Saturday, June 5, 2010

Case study: What Not To Do, Part 2

The NYT re-vindicates itself as the indispensable source of news and insight with today's piece about the oil well disaster in the Gulf.  Well worth your taking the time (and who really has time, btw...??) to read it all the way through.

Key words and phrases keep popping up, recalling not just this foul-up, but many just like it.  Here, for example (---- inserted to replace the specific with the general):
          " ....a hodgepodge of oversight agencies granted exceptions to rules, allowed risks to accumulate and made a disaster more likely-----, particularly with a mix of different companies operating ----- whose interests were not always in sync."  (thanks to NYT June 5)

Sound familiar?  Of course it does.  Go back less than a year to equally well written thought pieces about the cave-in on Wall Street.  And then, who could forget one of the Bush Greatest Hits: the immediate aftermath of the Iraq war's "mission accomplished."

The scenery changes, but the plot remains the same.  Kind of like a bad relationship in which lovers are mired in a structure of miscommunication that leads from unhappiness to disaster.

What's needed?  Well, let's start with admission of error.  Yes, we need hearings and all the rigamarole which come with the territory.  But, there's a pattern here and it gets to a core issue of whether the government's approach to regulation of key sectors and activities in the economy can remain hostage to the balkanization of oversights and authorities which exactly mirrors the dysfunctional array of Congressional committees and subcommittees with stakes in the matter.  Take the Gulf---the NYT piece makes clear that the Minerals Management Service, EPA, Coast Guard, and Natl Weather Service had jurisdiction or advisory roles over offshore drilling, and also that the oil well lease and management of it was separate from the rig ownership and operations management.  

Lines of responsibility, authority, and accountability were blurred, and, even in the midst of the disaster inferno on the rig, a worker was reprimanded because she signaled for offshore help without authorization.  Hmmm.  Sounds like a Harvard Business School case study.  Hey !  It WAS an HBS case study----in fact, for two years, we had dozens and dozens of cases along these lines.  The bottom line:  a lot easier to make a business decision about whether Smucker's should have introduced a wide-mouthed ketchup bottle than to figure out the organizational structure and HR issues in a mismanaged company like General Motors.

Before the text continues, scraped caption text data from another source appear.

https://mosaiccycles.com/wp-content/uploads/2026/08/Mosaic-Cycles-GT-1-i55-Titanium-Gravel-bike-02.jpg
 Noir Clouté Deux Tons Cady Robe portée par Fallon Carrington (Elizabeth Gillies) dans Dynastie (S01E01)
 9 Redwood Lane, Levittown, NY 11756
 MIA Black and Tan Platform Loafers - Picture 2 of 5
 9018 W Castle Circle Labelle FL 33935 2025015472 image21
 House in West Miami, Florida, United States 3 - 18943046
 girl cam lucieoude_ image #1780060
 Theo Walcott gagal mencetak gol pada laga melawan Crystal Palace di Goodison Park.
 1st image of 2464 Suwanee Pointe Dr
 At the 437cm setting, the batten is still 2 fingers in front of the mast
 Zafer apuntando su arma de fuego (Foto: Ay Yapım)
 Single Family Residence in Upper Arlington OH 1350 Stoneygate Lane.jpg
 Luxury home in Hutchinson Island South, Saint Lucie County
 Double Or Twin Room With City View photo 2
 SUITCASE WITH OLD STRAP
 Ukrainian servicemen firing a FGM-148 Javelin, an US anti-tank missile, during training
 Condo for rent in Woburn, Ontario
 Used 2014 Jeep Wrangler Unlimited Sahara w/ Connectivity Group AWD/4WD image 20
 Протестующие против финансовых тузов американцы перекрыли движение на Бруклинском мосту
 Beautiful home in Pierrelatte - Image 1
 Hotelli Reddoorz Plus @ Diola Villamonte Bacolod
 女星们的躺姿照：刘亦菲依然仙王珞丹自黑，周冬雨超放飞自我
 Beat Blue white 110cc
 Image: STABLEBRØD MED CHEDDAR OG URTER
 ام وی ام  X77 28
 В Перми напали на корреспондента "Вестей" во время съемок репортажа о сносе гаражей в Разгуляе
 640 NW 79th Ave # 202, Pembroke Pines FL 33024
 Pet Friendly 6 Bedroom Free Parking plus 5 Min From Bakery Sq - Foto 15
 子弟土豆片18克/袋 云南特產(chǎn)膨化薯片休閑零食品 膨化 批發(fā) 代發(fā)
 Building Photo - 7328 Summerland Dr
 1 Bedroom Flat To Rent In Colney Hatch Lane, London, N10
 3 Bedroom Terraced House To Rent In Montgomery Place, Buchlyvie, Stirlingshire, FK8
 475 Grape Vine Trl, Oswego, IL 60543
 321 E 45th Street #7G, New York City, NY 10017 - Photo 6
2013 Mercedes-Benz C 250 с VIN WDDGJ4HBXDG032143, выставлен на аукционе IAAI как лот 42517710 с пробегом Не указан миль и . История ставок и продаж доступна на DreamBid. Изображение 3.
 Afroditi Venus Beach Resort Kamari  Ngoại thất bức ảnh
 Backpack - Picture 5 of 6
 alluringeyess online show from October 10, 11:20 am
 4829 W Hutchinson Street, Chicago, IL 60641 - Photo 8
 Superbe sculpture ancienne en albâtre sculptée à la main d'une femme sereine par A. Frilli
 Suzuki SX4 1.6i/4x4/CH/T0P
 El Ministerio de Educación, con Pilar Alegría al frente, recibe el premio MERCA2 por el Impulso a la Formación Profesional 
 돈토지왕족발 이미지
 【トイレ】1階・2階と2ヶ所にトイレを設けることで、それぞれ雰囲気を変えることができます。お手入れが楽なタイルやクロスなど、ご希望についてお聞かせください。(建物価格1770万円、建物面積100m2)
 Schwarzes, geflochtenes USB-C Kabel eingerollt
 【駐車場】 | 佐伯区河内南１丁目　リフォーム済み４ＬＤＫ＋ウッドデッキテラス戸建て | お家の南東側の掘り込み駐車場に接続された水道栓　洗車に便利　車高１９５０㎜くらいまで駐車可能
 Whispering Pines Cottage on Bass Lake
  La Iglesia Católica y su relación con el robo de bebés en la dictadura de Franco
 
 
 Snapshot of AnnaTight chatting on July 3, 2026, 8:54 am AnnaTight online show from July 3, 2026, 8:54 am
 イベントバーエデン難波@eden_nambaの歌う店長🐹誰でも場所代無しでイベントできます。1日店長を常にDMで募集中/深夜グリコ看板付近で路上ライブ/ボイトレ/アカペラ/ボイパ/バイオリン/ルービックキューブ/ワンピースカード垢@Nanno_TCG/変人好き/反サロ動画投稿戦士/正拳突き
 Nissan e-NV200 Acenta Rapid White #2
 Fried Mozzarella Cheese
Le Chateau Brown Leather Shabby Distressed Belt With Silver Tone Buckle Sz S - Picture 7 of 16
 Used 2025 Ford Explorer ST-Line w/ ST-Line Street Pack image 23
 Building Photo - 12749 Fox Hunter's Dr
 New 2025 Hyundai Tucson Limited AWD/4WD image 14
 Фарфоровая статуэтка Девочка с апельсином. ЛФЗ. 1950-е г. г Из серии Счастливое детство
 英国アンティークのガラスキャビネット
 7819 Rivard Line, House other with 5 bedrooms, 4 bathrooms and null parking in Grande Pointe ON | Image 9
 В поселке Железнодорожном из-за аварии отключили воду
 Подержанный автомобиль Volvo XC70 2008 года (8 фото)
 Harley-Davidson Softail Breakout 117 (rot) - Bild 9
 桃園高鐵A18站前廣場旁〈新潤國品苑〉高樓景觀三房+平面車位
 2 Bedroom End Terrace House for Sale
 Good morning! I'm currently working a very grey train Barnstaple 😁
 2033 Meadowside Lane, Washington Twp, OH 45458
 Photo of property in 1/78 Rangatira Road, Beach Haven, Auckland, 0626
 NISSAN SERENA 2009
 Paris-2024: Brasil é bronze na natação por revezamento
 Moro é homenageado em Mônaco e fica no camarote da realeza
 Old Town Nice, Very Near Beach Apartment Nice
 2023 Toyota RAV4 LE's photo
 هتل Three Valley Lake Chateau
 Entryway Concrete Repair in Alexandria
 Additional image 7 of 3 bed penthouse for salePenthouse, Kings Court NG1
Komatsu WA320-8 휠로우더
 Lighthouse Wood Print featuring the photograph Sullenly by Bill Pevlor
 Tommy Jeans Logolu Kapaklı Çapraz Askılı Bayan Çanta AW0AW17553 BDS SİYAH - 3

On a public policy level, we have 21st century technologies and complexities overseen by a government stuck somewhere back in the 1970's (or earlier).

BobOnARoll has posted views about why Barack needs more businesspeople around him....and he does.  Business is still the #2 segment of the economy after consumer spending, and in three of the most critical areas tackled by the Obamites to date----the financial catastrophe, health care, and now this---one has no sense that business people had a leadership role in decision-making or management.  (Geithner and Summers are not businessmen, BTW.)

Businesses need appropriate regulation.  OK.  But there's a vast talent pool of Americans with experience and insight that could help lead the way forward, past crisis management and toward a sounder, leaner bureaucracy.  Reorganization is not sexy but could in fact be one of the critical issues of our time.